Still, the results do point to that only 1.79% prefer south asian males. Compared to 72% for caucasians.


----------



## INFantP (Jul 11, 2012)

the results are kind of scary considering that there are much more coloured people than white


----------



## countrygirl90 (Oct 11, 2012)

I like Indian men ,because I think they look handsome with their tanned skin ,dark hair and Desi machoman personality .Their accent , rugged features and unabashed flirting .Nothing is more sexy than having a Desi boy to romance with.:wink:


----------



## EmileeArsenic (Jun 8, 2012)

I can't choose... I like so many (looks wise. Personality is a completely different game)

My favourites tend to be pale skin with dark, and I've seen some stunning Asian and Arabian guys, too... but I've also been attracted to quite a few blondes... I can't choose. My taste is so random...


----------



## Promethea (Aug 24, 2009)

Eos_Machai said:


> Still, the results do point to that only 1.79% prefer south asian males. Compared to 72% for caucasians.


So a predominantly caucasian board shows a preference for caucasians. Interesting findings.

Anyway, "preference" doesn't even mean that one cannot be attracted to something outside of that preference.. or every average or overweight person would be single - due to most people's -preference- for people who look more like the cultural beauty standard, yet, people are in relationships.

The guy who made this was likely not in a relationship due to his attitude, not his race.


----------



## Death Persuades (Feb 17, 2012)

It makes sense that the OP is banned. lol


----------



## Isisx (Sep 13, 2012)

.


----------



## Raichu (Aug 24, 2012)

I've got a thing for Latino guys. It could possibly have something to do with the fact that I grew up in a predominantly Latino neighborhood. Or not.


----------



## soya (Jun 29, 2010)

I think the categories on this are kind of bogus. 

Africa's a big continent, but African/black only has one category? Do Ethiopians really look the same as South Africans? Especially since there are separate categories for Northeastern Europeans and Northwestern Europeans who share a lot of similarities, you'd think there would be more than one African category.

For a huge continent, Asia probably has more than 2 or 3 different distinct groups.

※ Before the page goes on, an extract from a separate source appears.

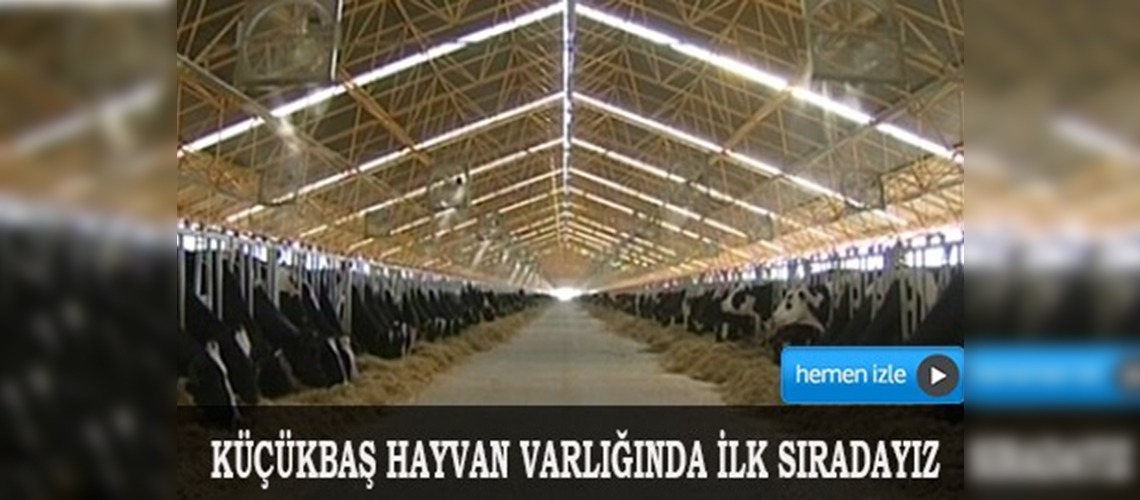 Türkiye hayvancılıkta Avrupa'da liderliğe oynuyor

Heck, China alone has a lot of ethnic groups.

Latino is one category, despite the fact that there are various indigenous groups in Latin America, some Mestizo, some not, some are primarily Spanish in heritage -- in which case how does one differentiate the "White male with dark features (Italy, Spain, Portugal)" category from the "Latino"? Generally speaking, Latino is more of a term suited to refer to language or culture than ethnicity, from what I understand.

It seems the categorizations are focused mostly on variations among Europeans.


----------



## Nick Carraway (Feb 11, 2013)

Odd that poll says Southern European men have dark features, it isn't really that common among them. Spaniards, most Italians, and Portuguese people are White and look like it too. Dark features are there but not very common among the groups. I have a lot of familiarity with people from those backgrounds so I know.

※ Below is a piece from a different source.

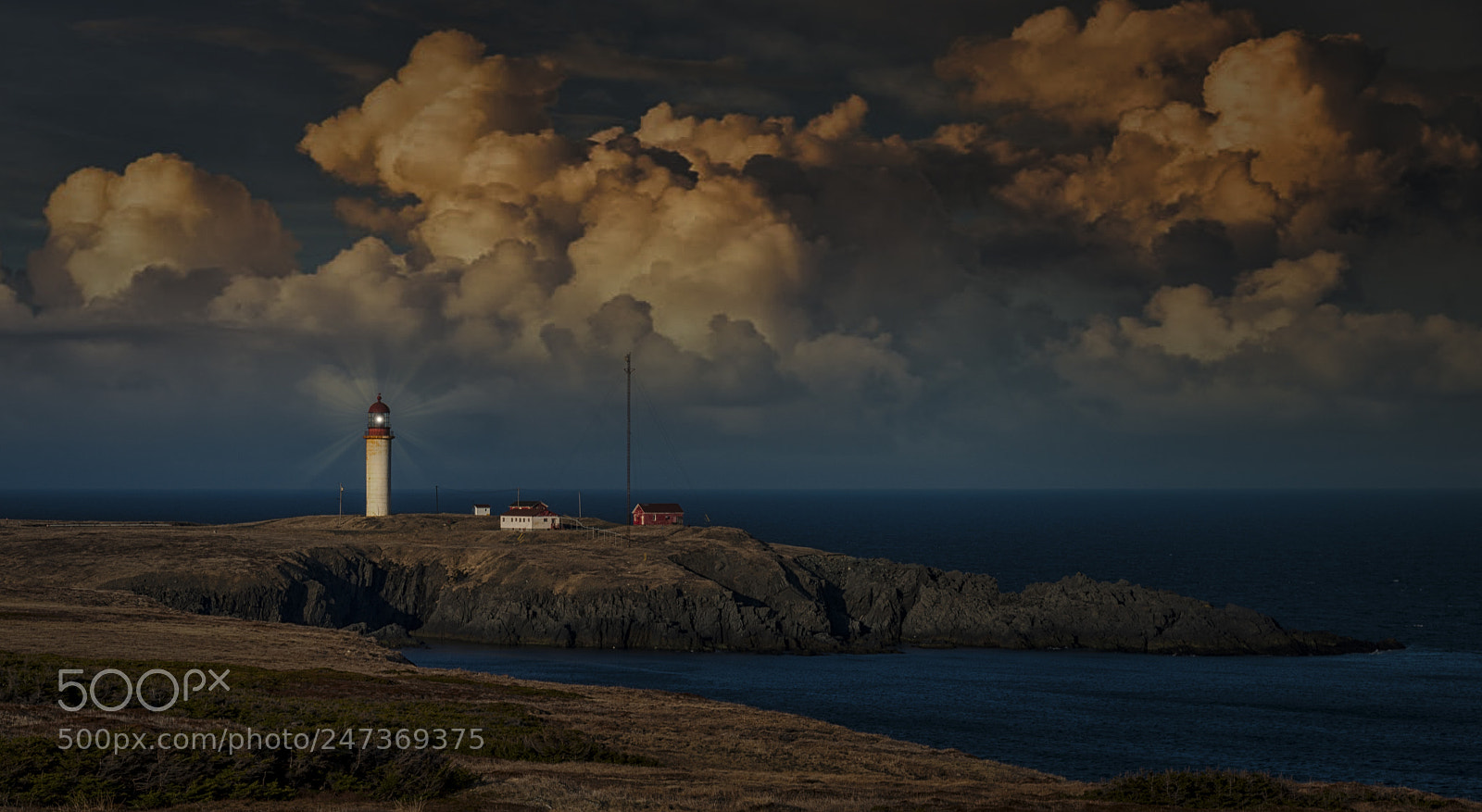 Nikon D800 sample photo. Cape race light photography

This thread was interesting for me to read but if I had to comment on one thing it would be that Middle Eastern men are overlooked, some Indians and Pakistanis can fit that bill too. Women do not have enough exposure to them to truly see how attractive people from that group alone (men or women) truly are. The olive skin and darker features we go so crazy for are very common in Middle Eastern people.

White men and women are represented in high numbers in the American media and Western media so of course they will be seen as attractive right off the bat. Black people are runner up and Latinos hardly get any representation. Asians and other races don't exist. 

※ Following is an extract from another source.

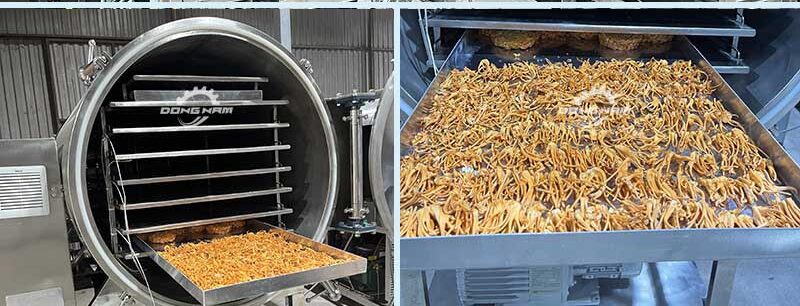 Sấy thăng hoa đông trùng hạ thảo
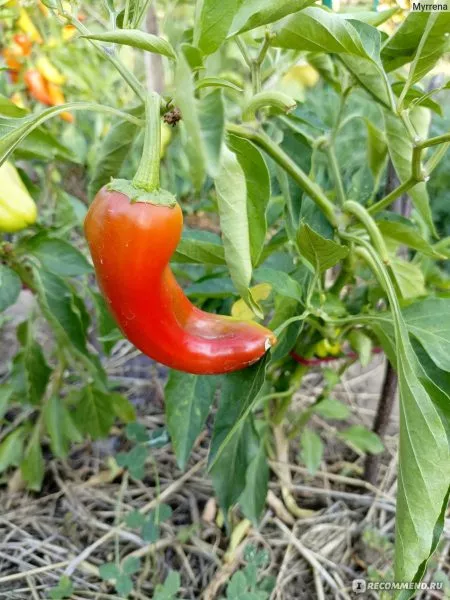 krasnyy-mech-5-187431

Game, confidence, and how you present yourself mean a lot but obviously this poll has shown that if all else is equal women will have their preferences. I am more interested in finding out how men vote on women. Won't be surprised if they did a poll like that and found Scandinavian women to come out on top since that is the standard of beauty in Hollywood for a long time.

The two guys I know at my university that do the best with women are Japanese and Indian. Japanese guy is 6 ft tall and ripped, Indian guy is kind of skinny and wears glasses but he has a really handsome face as women say.


----------



## Nick Carraway (Feb 11, 2013)

Raichu said:


> I've got a thing for Latino guys. It could possibly have something to do with the fact that I grew up in a predominantly Latino neighborhood. Or not.


:wink:


----------



## Nekomata (May 26, 2012)

White male with light features~ doesn't really matter much to me though.


----------



## mental blockstack (Dec 15, 2011)

Someone should make a thread for men picking women of different races, and then average them with this to find the most-to-least attractive racial groups.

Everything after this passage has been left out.